_Data excerpts:_
Segment Open

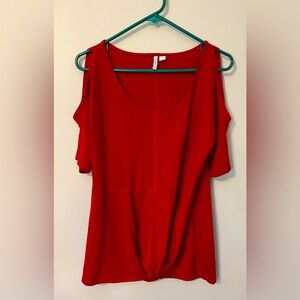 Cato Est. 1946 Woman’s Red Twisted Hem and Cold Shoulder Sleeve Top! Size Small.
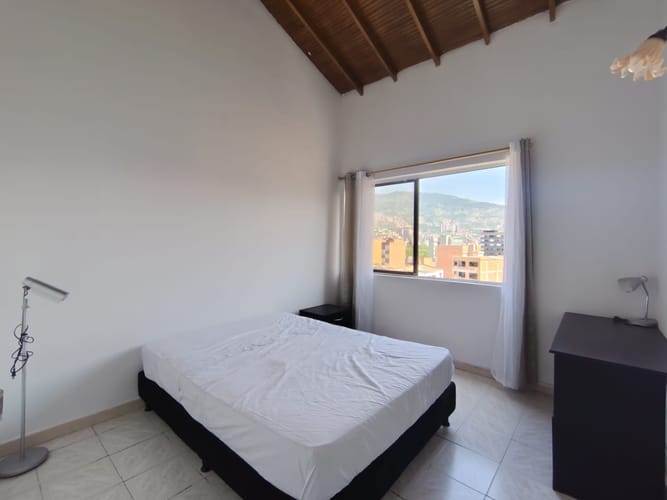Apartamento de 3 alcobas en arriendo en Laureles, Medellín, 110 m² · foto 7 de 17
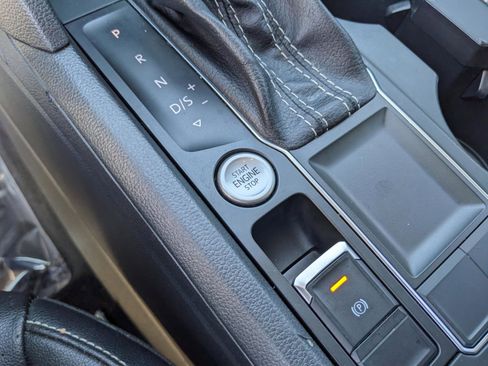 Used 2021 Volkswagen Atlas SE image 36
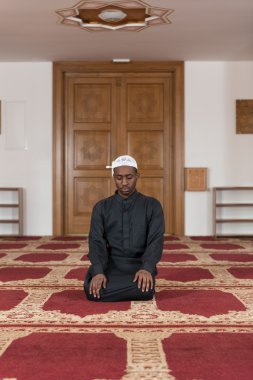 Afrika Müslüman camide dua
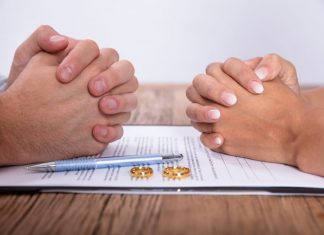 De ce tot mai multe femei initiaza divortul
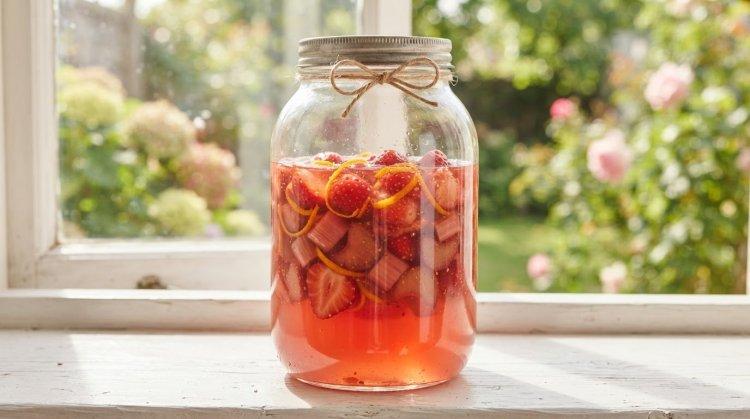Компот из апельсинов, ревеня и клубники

Segment Closed
Segment Open

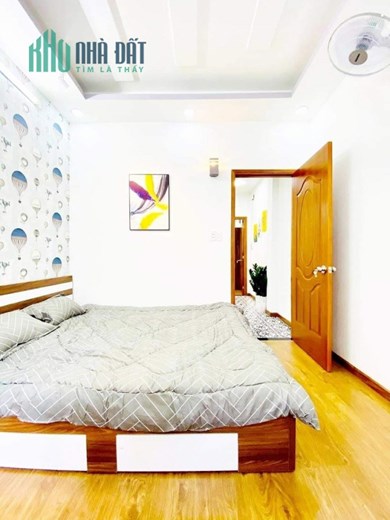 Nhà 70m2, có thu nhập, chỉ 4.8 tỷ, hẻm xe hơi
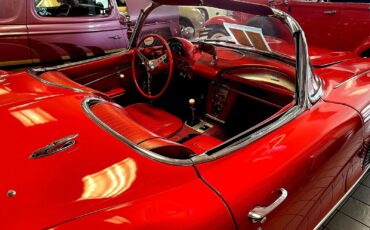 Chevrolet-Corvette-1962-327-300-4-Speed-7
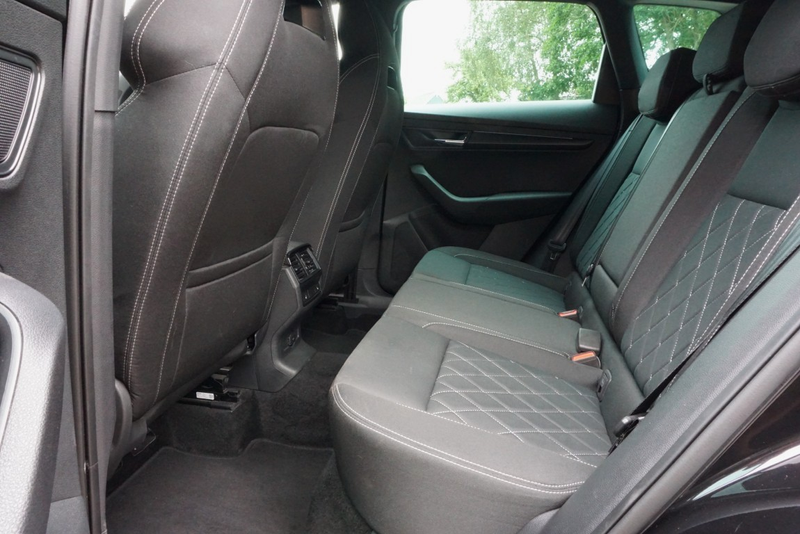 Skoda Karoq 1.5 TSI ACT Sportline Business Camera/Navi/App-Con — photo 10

Segment Closed
Segment Open

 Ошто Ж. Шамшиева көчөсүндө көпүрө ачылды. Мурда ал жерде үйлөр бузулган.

Segment Closed

Above are the records. Copy word for word only their lines from the one holding "Cato Est. 1946" through the one holding "Компот из апельсинов, ревеня и клубники", both included, and skip the images.

 Cato Est. 1946 Woman’s Red Twisted Hem and Cold Shoulder Sleeve Top! Size Small.
Apartamento de 3 alcobas en arriendo en Laureles, Medellín, 110 m² · foto 7 de 17
 Used 2021 Volkswagen Atlas SE image 36
 Afrika Müslüman camide dua
 De ce tot mai multe femei initiaza divortul
Компот из апельсинов, ревеня и клубники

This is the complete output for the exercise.